Article 1: http://wiki.winehq.org/FAQ

"1.3. Is Wine an emulator? There seems to be disagreement.

"There is a lot of confusion about this, particularly caused by people getting Wine's name wrong and calling it WINdows Emulator.

"When users think of an emulator, they tend to think of things like game console emulators or virtualization software. However, Wine is a compatibility layer - it runs Windows applications in much the same way Windows does. There is no inherent loss of speed due to 'emulation when using Wine, nor is there a need to open Wine before running your application.

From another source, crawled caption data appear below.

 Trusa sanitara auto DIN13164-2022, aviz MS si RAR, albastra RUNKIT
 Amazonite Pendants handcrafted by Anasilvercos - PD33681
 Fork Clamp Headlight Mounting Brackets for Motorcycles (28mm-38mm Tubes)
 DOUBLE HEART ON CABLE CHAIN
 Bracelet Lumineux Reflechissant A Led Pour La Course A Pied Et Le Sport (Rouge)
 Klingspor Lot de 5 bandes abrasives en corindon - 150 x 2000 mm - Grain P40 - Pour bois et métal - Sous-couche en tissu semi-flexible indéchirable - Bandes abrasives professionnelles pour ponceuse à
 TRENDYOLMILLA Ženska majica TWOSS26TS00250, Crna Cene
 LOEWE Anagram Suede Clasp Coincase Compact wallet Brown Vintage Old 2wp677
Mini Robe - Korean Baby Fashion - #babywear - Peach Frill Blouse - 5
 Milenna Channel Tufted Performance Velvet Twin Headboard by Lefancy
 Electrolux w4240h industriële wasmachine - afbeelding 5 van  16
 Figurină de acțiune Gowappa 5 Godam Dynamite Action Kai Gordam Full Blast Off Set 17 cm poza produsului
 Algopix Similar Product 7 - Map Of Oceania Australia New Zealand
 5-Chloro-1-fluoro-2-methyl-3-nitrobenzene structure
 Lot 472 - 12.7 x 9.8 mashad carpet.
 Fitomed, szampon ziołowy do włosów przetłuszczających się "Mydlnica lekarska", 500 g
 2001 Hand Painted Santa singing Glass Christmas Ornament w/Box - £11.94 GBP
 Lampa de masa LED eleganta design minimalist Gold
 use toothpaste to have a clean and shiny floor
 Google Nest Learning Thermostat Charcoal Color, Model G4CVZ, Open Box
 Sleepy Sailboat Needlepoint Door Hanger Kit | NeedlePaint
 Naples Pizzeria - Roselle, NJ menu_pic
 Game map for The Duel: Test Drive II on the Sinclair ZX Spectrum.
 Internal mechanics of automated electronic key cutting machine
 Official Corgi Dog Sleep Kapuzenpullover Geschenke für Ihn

"That said, Wine can be thought of as a Windows emulator in much the same way that Windows Vista can be thought of as a Windows XP emulator: both allow you to run the same applications by translating system calls in much the same way. Setting Wine to mimic Windows XP is not much different from setting Vista to launch an application in XP compatibility mode.

"A few things make Wine more than just an emulator:

  • Sections of Wine can be used on Windows. Some virtual machines use Wine's OpenGL-based implementation of Direct3D on Windows rather than truly emulate 3D hardware.
  • Winelib can be used for porting Windows application source code to other operating systems that Wine supports to run on any processor, even processors that Windows itself does not support.

"'Wine is not just an emulator' is more accurate. Thinking of Wine as just an emulator is really forgetting about the other things it is. Wine's 'emulator' is really just a binary loader that allows Windows applications to interface with the Wine API replacement."

Article 2: http://superuser.com/questions/14594/why-is-wine-not-an-emulator

Why is wine not an emulator?

"When users think of emulators, they think of programs like Dosbox or zsnes. These applications run as virtual machines and are slow, having to emulate each processor instruction. Wine does not do any CPU emulation - hence the name 'Wine', standing for 'Wine Is Not an Emulator.'

"Some people argue that since Wine introduces an extra layer above the system a Windows application will run slowly. While [there is an extra layer], Wine is no different from any other software library in this regard; even newer versions of Windows must load extra resources to support older applications.

"Importantly, the combination of Wine and Unix can sometimes be faster than Windows itself. This is especially true when the system has good drivers and the application isn't exposing any Performance Related Bugs.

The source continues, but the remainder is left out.